## THE PROBLEM
Keep every word of the listing and reproduce it exactly, but set aside any image found there.

━━━━━ DATA EXTRACT ━━━━━

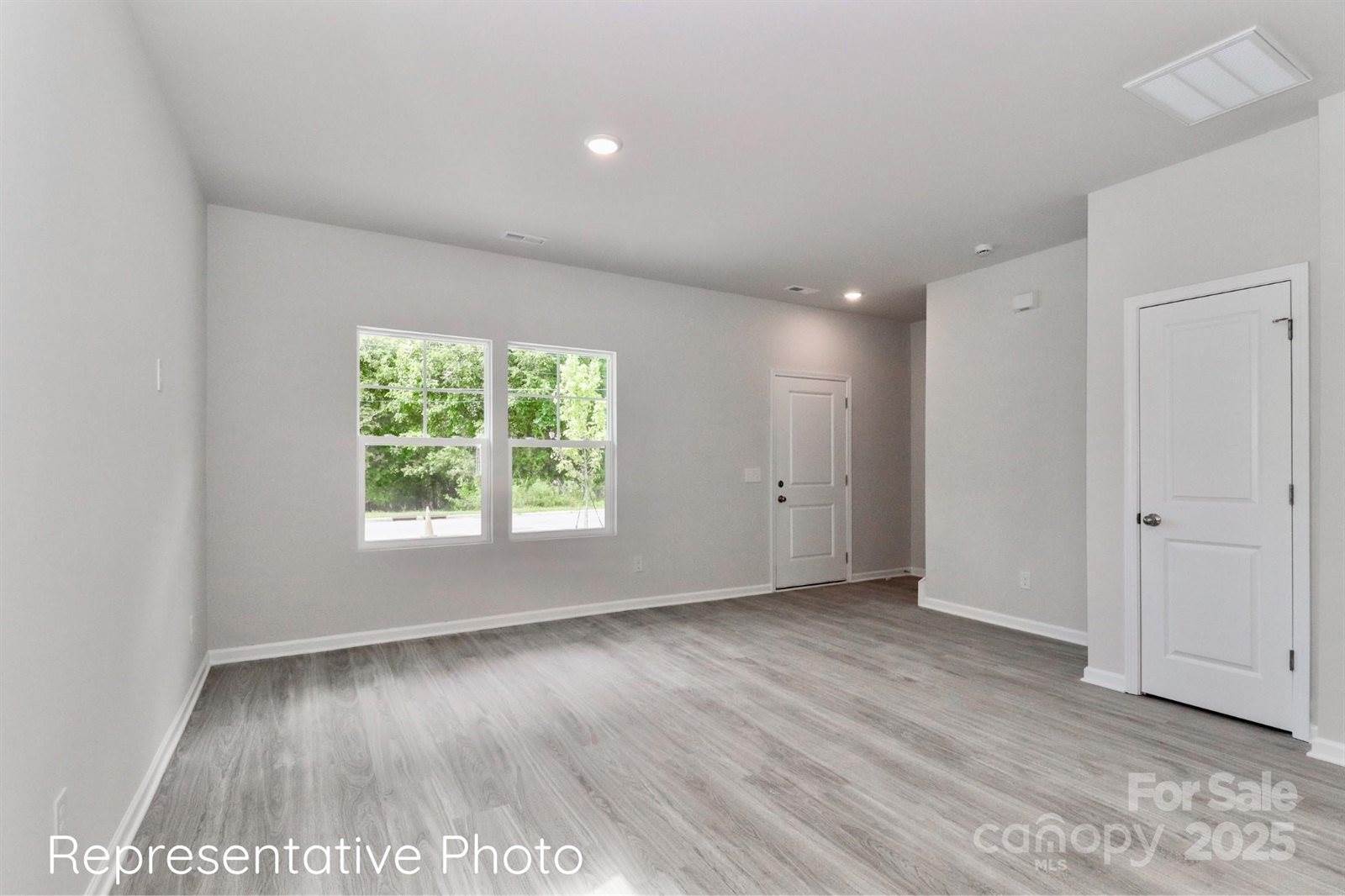 415 West Iredell Avenue, Mooresville, NC 28115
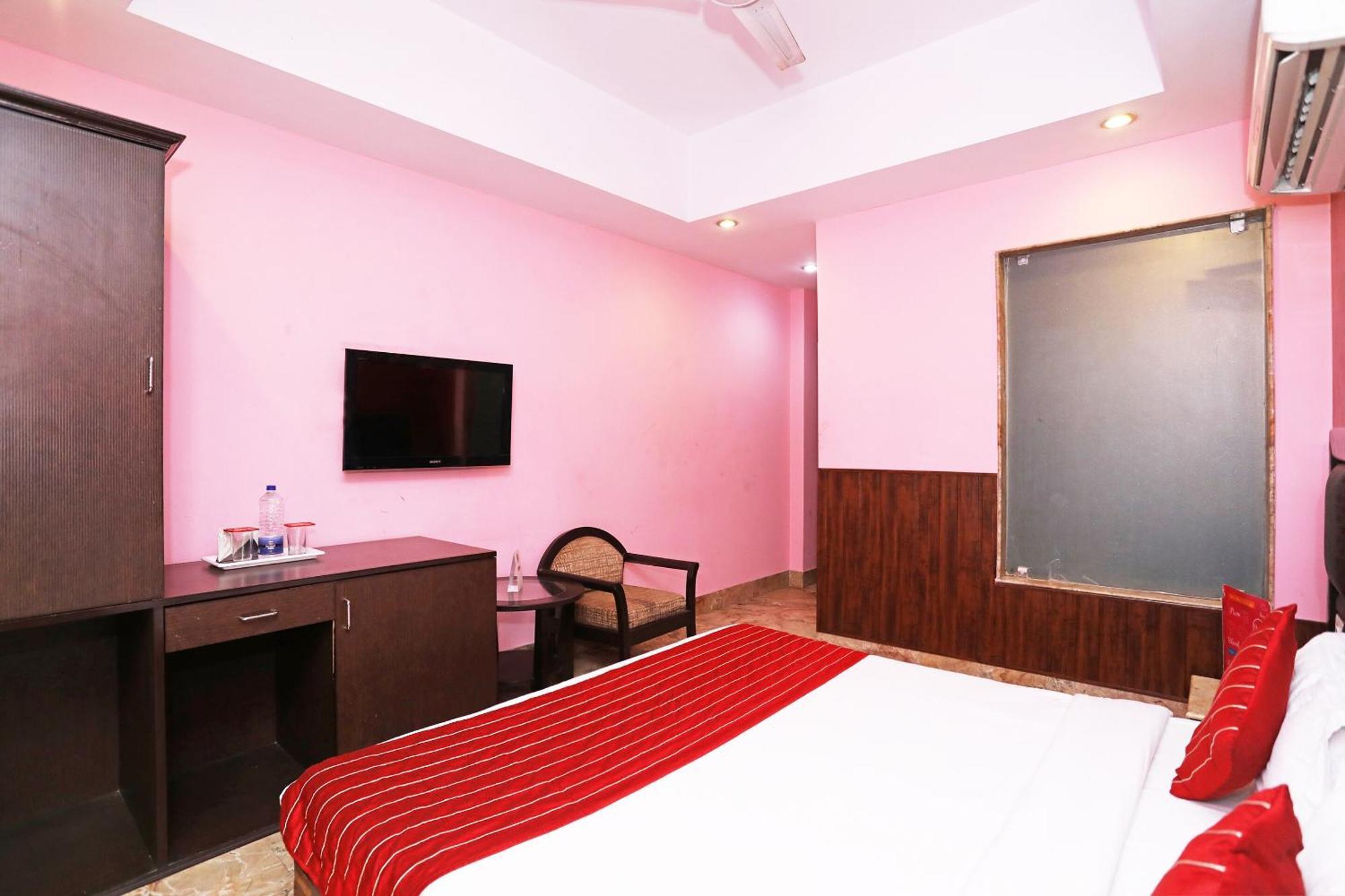 Hotel O Vedas Heritage Delhi Zewnętrze zdjęcie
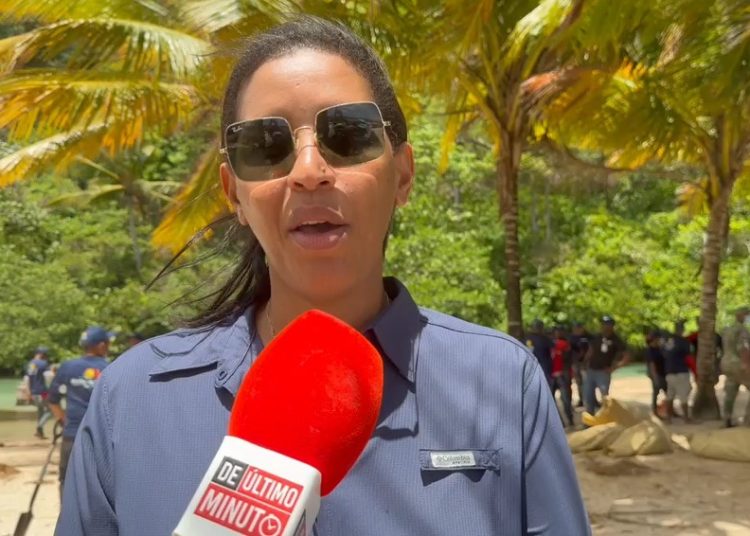 Alcaldesa de Las Galeras, agradece operativo y destaca acciones contra el sargazo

━━━━━

## REPLY
 415 West Iredell Avenue, Mooresville, NC 28115
 Hotel O Vedas Heritage Delhi Zewnętrze zdjęcie
 Alcaldesa de Las Galeras, agradece operativo y destaca acciones contra el sargazo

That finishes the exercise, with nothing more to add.